Un contact peut-il promouvoir l’alliance ?
Une possibilité particulièrement prometteuse est que le contact entre les groupes pourrait encourager les membres plus puissants du groupe majoritaire à travailler en tant qu’alliés, c’est-à-dire à œuvrer pour mettre fin à l’oppression et aux injustices systématiques. Par exemple, Dovidio et ses collègues ont suggéré que « le contact offre également une occasion potentiellement puissante pour les membres du groupe majoritaire d’encourager la solidarité politique avec le groupe minoritaire ». De même, Tropp, l’un des co-auteurs de la méta-analyse sur le contact et les préjugés, déclare dans The Cut du New York Magazine que « le contact peut également modifier le comportement futur des groupes historiquement favorisés au profit des défavorisés ».

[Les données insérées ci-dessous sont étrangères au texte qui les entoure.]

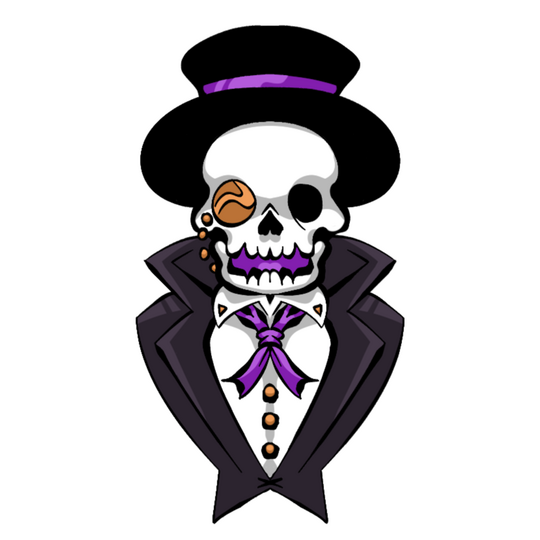 Skelegentleman (1.7 x 3.2 in.)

Si le contact entre groupes n’est pas une panacée, il constitue un outil puissant pour réduire les conflits et les préjugés – et il peut même encourager les membres de groupes plus puissants à devenir des alliés qui défendent les droits des membres des groupes marginalisés.

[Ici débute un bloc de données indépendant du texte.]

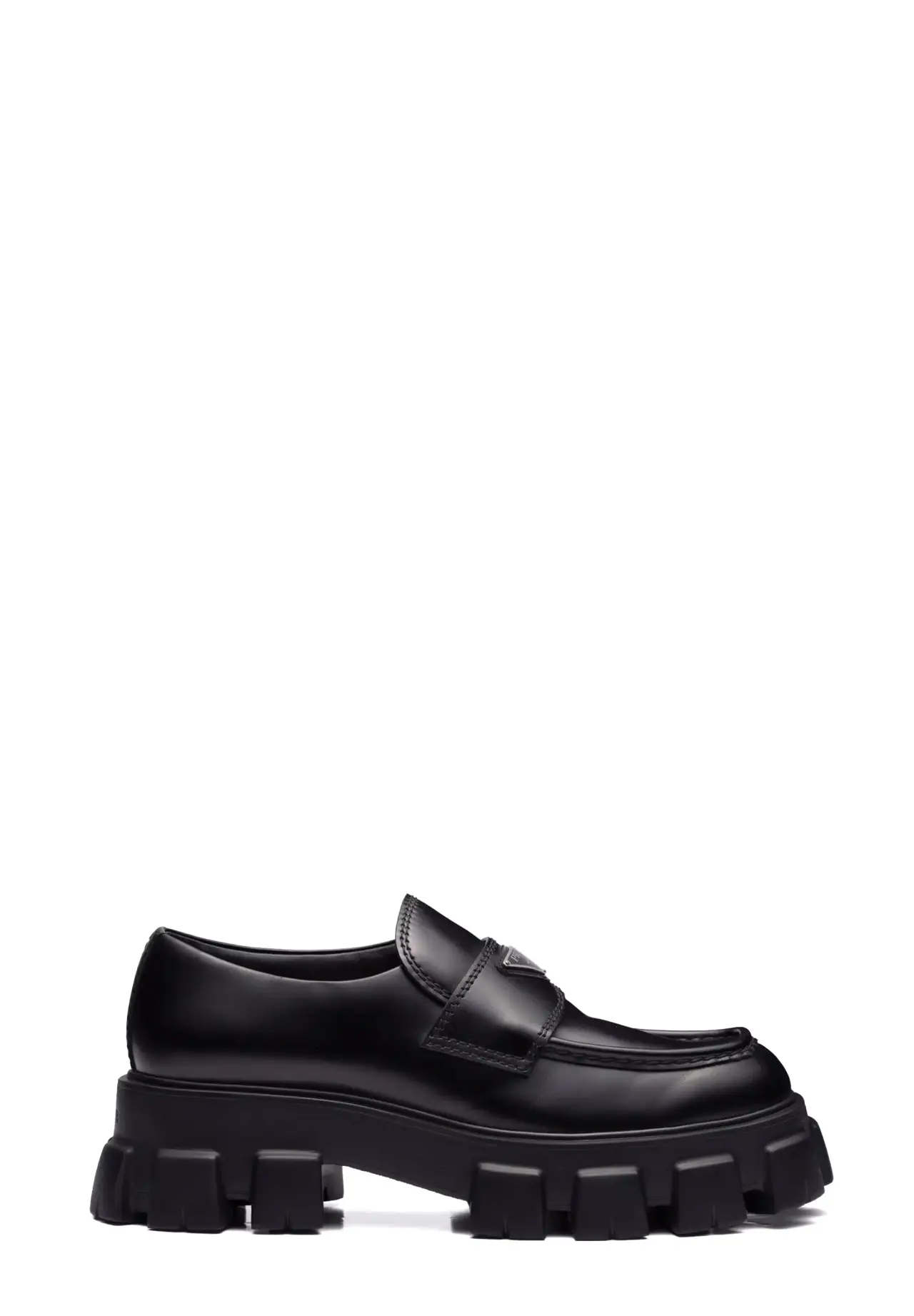 Monolith brushed leather loafers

Sources et lectures complémentaires :
- Allport, G. W. The Nature of Prejudice. Oxford, Angleterre : Addison-Wesley, 1954. https://psycnet.apa.org/record/1954-07324-000
- Dovidio, John F., et al. « Reducing Intergroup Bias Through Intergroup Contact : Vingt ans de progrès et d’orientations futures ». Group Processes & Intergroup Relations, vol. 20, no. 5, 2017, pp. 606-620. https://doi.org/10.1177/1368430217712052
- Pettigrew, Thomas F., et al. « Recent Advances in Intergroup Contact Theory ». International Journal of Intercultural Relations, vol. 35 no. 3, 2011, pp. 271-280. https://doi.org/10.1016/j.ijintrel.2011.03.001
- Pettigrew, Thomas F., et Linda R. Tropp. « Un test méta-analytique de la théorie des contacts intergroupes ». Journal of Personality and Social Psychology, vol. 90, no. 5, 2006, pp. 751-783. http://dx.doi.org/10.1037/0022-3514.90.5.751
- Chante, Jesse. « L’hypothèse de contact offre un espoir pour le monde. » New York Magazine : The Cut, 10 février 2017. https://www.thecut.com/2017/02/the-contact-hypothesis-offers-hope-for-the-world.html
- Waytz, Adam. Le pouvoir de l’homme : comment notre humanité partagée peut nous aider à créer un monde meilleur. W.W. Norton, 2019.